Oh, hey, thanks for the heads up! I never thought to check the page and thought the people who were submitting their games were also posting here.

Yeah, silly me.

1 Like

I also wrote something for Twiny Jam:

creak, creak

It’s only 111 words. I was using Twine’s word count feature and it was counting the code too, which I didn’t realize until I’d finished the game. Then I didn’t want to fatten back up what I’d been trimming down.

WOW is that creepy. Nice job!

Could someone explain something to me, please? I’m following the submission feed, and I sometimes see that the author has added a .zip file. The game “RPG-ish”, for instance, has been updated in that way. I can’t see any way of downloading that zip file, though…

You have to upload all your games as .zips, even if they’re just one file big. So maybe that’s the confusion?

I guess. So that means that just because someone’s just uploaded a zip, doesn’t mean that zip it’ll be available for download unless the author specifically makes it so.

Thanks!

Wrote a game if anyone’s interested: snoother.itch.io/tumul

Had the daft idea of making my own font and then had the less-daft idea of writing a black metal track. Managed to form a marriage between the two ideas, and doing so was fantastically enjoyable (well, mostly).

And I did not realise twine was counting the coding either! Excised more than I needed too, perhaps.

I liked this a whole lot as well!! I’m not a big poetry person, but this felt like Dr. Seuss trying to scare you!

I actually cringed a bit, expecting there to be a loud sound or something jump out on the sequence of links.

Great combination of twine + poem!

Yeah, it seems to count the code included in passages. Other people might have cut down their text to meet Twine’s false word count too, because a few Twiny Jam entries (like Tomatoes) are noticeably slimmer than the rest.
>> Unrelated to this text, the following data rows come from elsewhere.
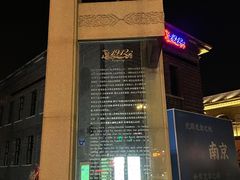 -1912街区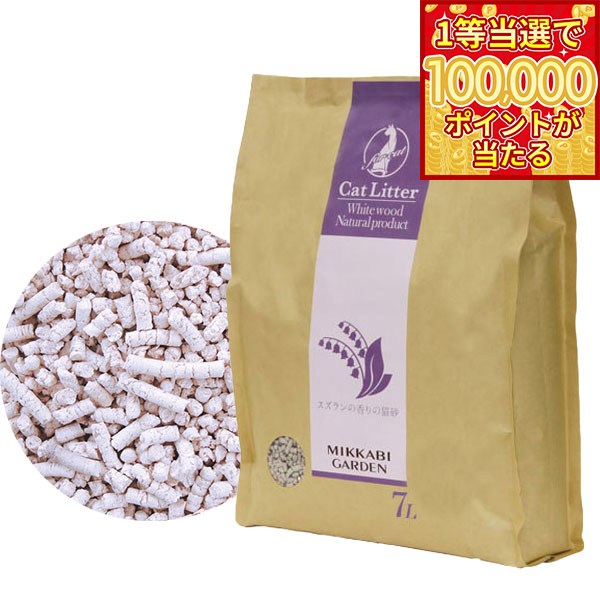 豆腐渣 - 【1等最大10万ポイント当たる！20日から！】Petio ペティオ アドメイト ADD.MATE スズランの香りの猫砂 7L 猫用品 ねこグッズ ペットグッズ ペット用品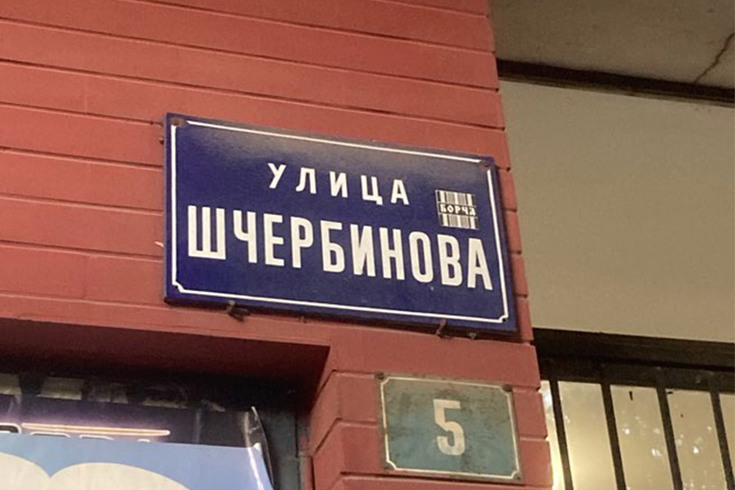 Po kome je Ščerbinova ulica na Čukarici dobila ime?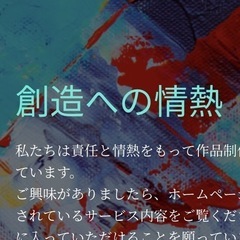 賃貸物件オーナー様必見！   半永久のウィルス除菌のハウスクリー...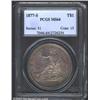 Image 1 : 1877-S T$1 MS64 PCGS. The mint frost is thick and readily apparent beneath the mottled russet-golden
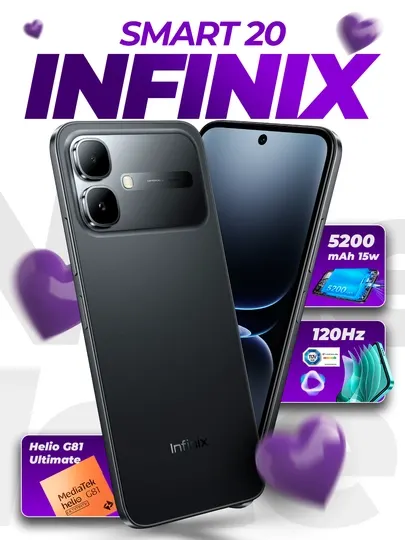 Телефон Infinix Smart 20, HD+ LCD 120Hz, 5200mAh 10w, G81 Ultimate, 2х сим + UZIMEI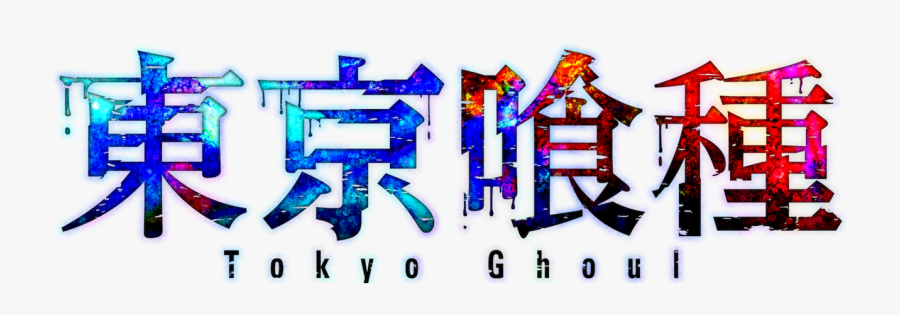 Tokyo Ghoul Logo Transparent, Transparent Clipart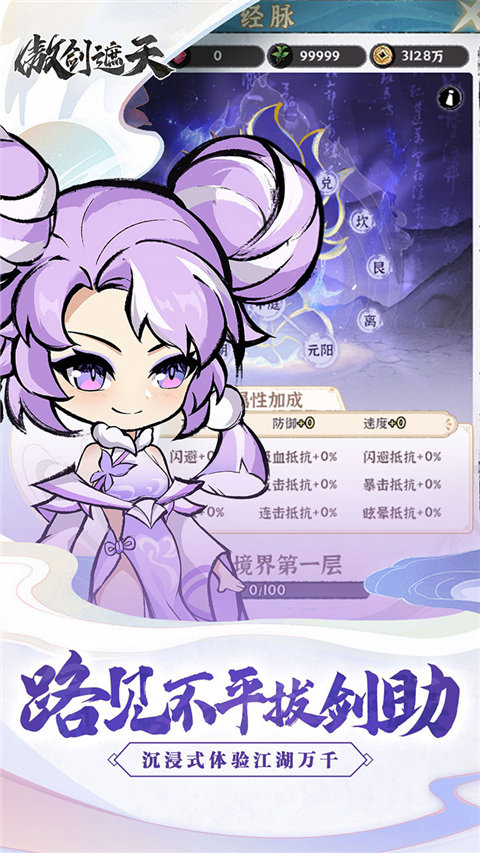 傲剑遮天_角色扮演_第2张_99下载站 傲剑遮天_https://www.99ziyuan.net_角色扮演_第2张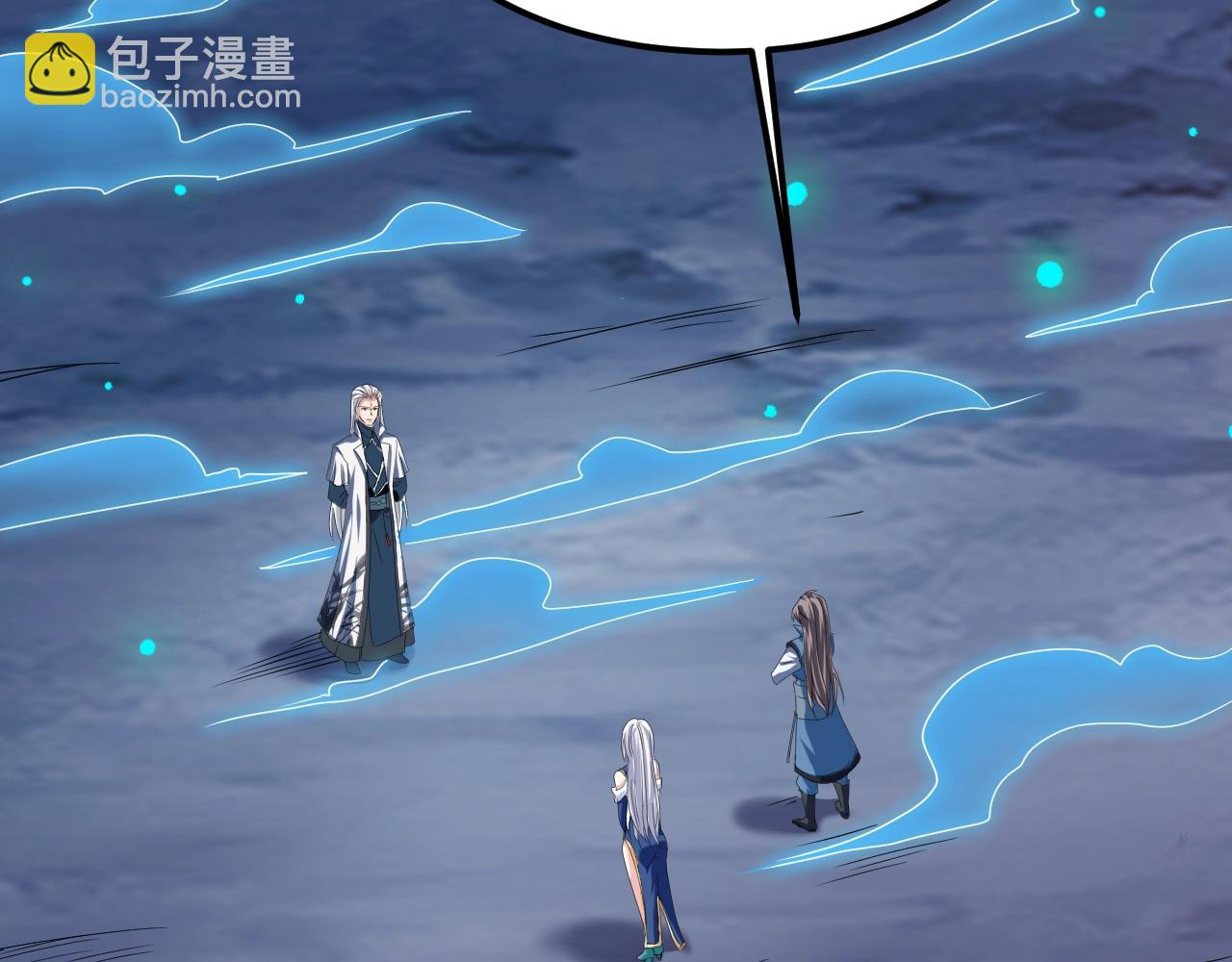 第8话 灭杀鬼王42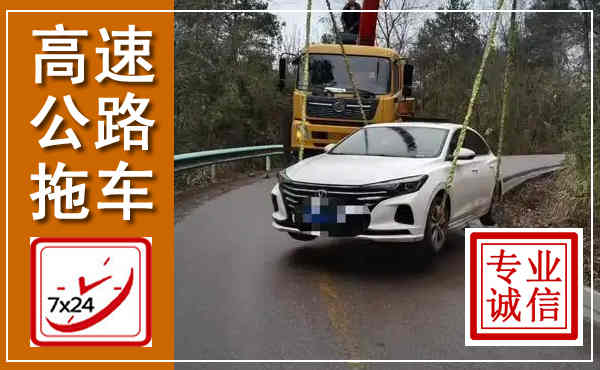 张北高速公路拖车,附近高速公路拖车救援电话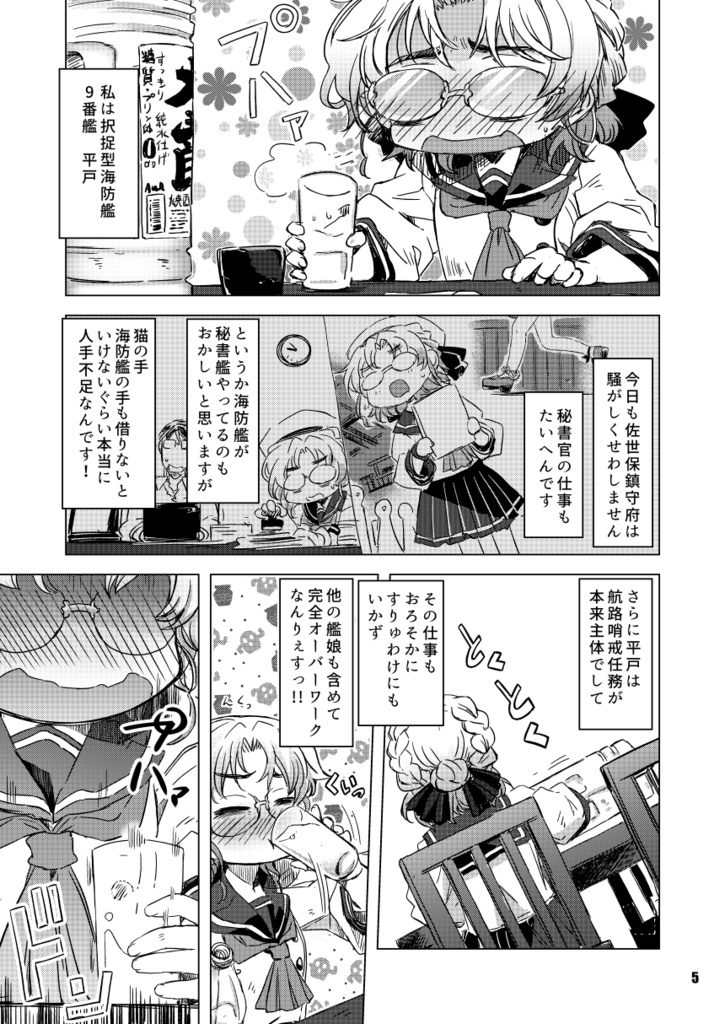 酔いどれ平戸ちゃんにウイスキーをおすすめしてみる本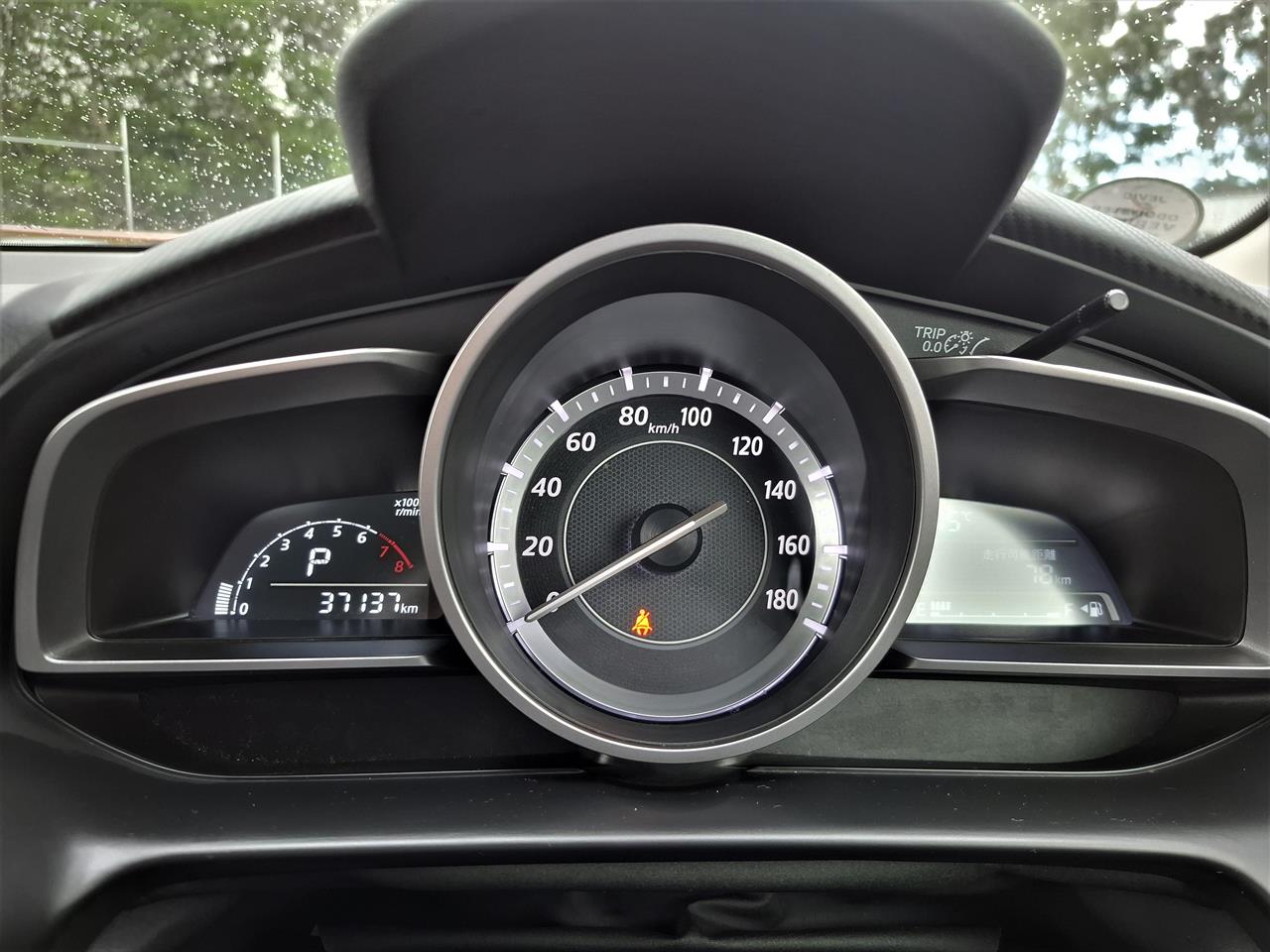 2015 Mazda Demio Skyactiv.i-Stop.SRS Airbags. Carousel 8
But I think in my case it might’ve helped. I’m glad that you guys seem to enjoy creak, creak!

Since Porpentine encouraged people to use the word counter, I personally assumed that including code in the word count was the intention, and cut down to 300 with that in mind. (I also lost a whole lot of room because videos take up a whole lot of words.)

I tricked the system by not having any code. But yeah, Chandler, I’m glad you did what you did. In this case “No one would’ve wished it longer” is a compliment.

So which not-us games did people especially like?

I liked: Inventory by Joey Fu which has nice puzzles and is poetic kinda
Frolic RPG by Porpentine so procedural! much generated!
You’re at a ____ by D. Michael Moore kinda like mine taken to the extreme, really huge and economical, I think I may have hit a bug sometime but before that I found some stuff
HAIZARA by Rani Baker nice little hand-held gamey thing. It was pretty hard!
Ech.OS by Dennis Ramirez this isn’t exactly my favorite but did anyone solve it?

yeah when i started this i didn’t realize that the word counter tracks code - i just added a note to the jam leaving it up to people’s discretion. thanks for reminding me!

Twine’s proofing copy function might be helpful there, it’s what I used to get a word count for my submission.